** Problem to work on **
The whole listing, pictures aside, should be reproduced exactly.

** Raw data **
----
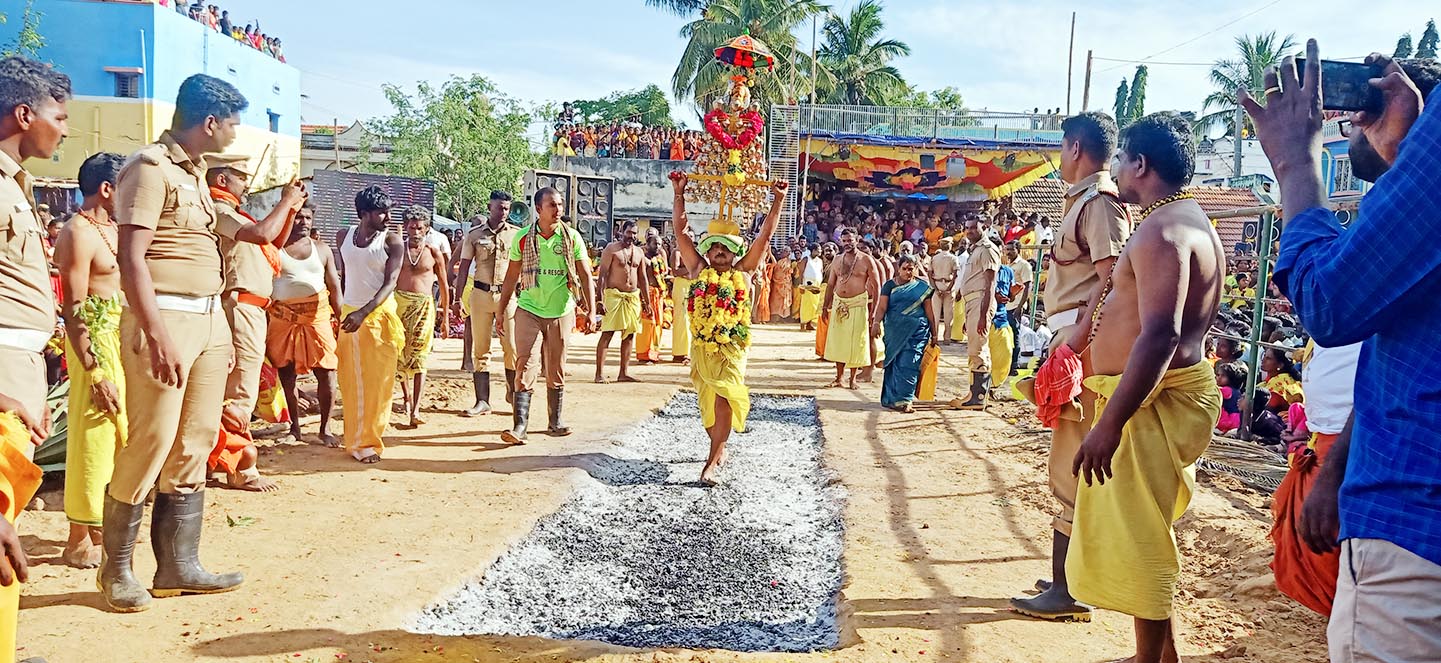 செல்லியம்மன் கோவில் பூச்சொறிதல் விழா செல்லியம்மன் கோவில் பூச்சொறிதல் விழா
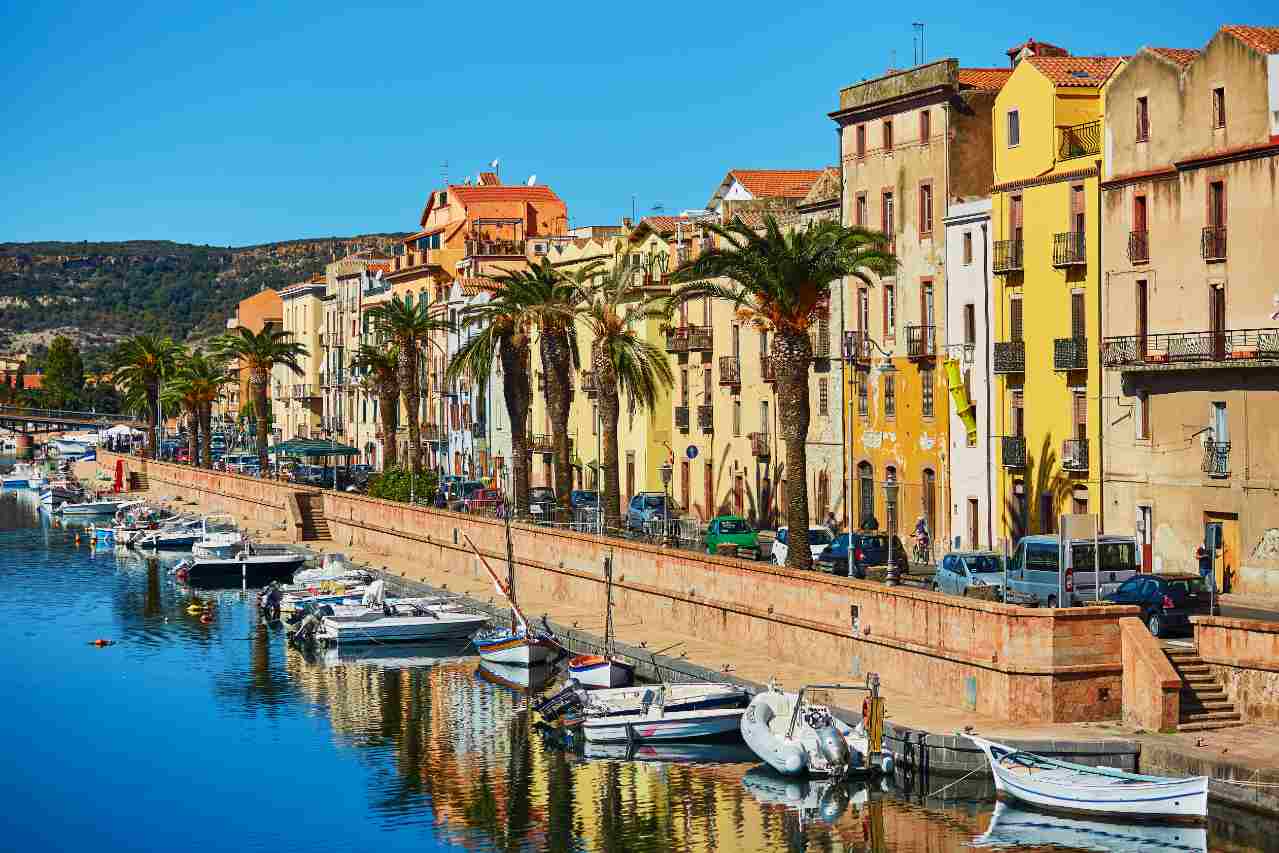 Buitenzijde van het strand bij het Villaggio Porto Corallo Hotel in Porto Corallo, Italië  foto 3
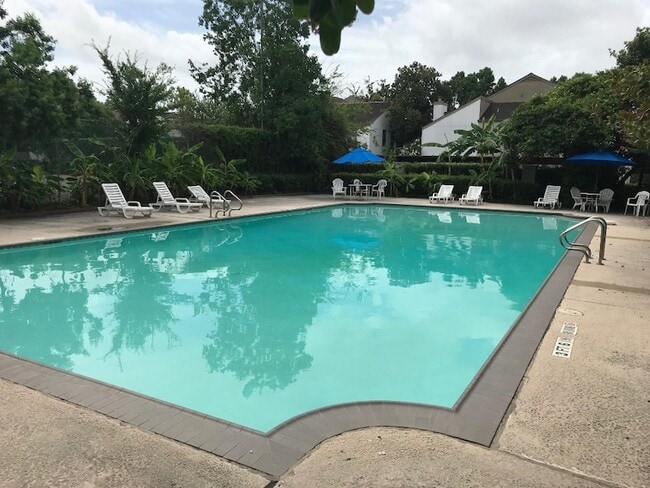 Photo - 10047 Westpark Dr Unidad 46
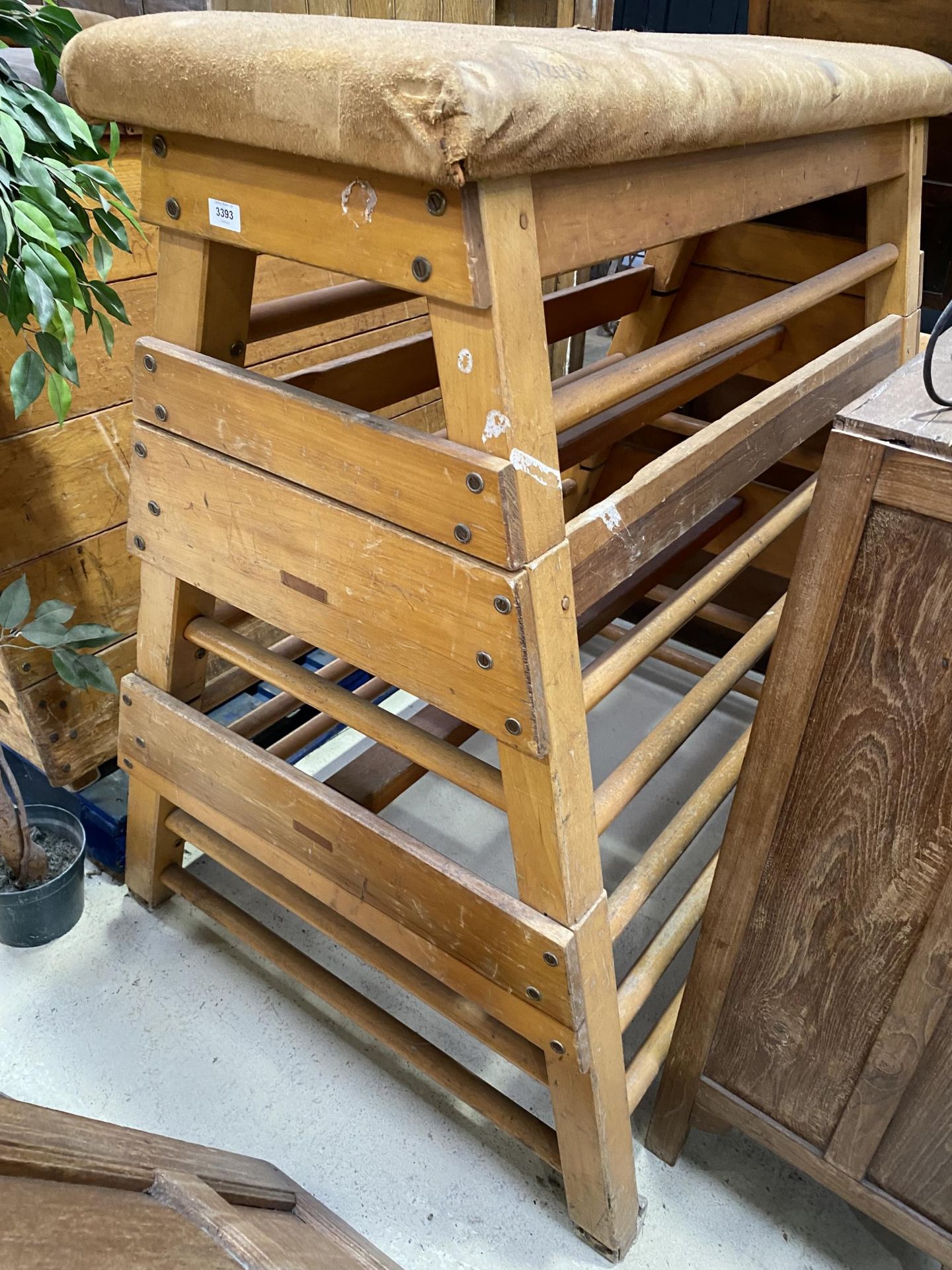 A VINTAGE GYMNASTICS POMMEL HORSE - Image 2 of 3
----
** Task response **
 செல்லியம்மன் கோவில் பூச்சொறிதல் விழா செல்லியம்மன் கோவில் பூச்சொறிதல் விழா
 Buitenzijde van het strand bij het Villaggio Porto Corallo Hotel in Porto Corallo, Italië  foto 3
 Photo - 10047 Westpark Dr Unidad 46
 A VINTAGE GYMNASTICS POMMEL HORSE - Image 2 of 3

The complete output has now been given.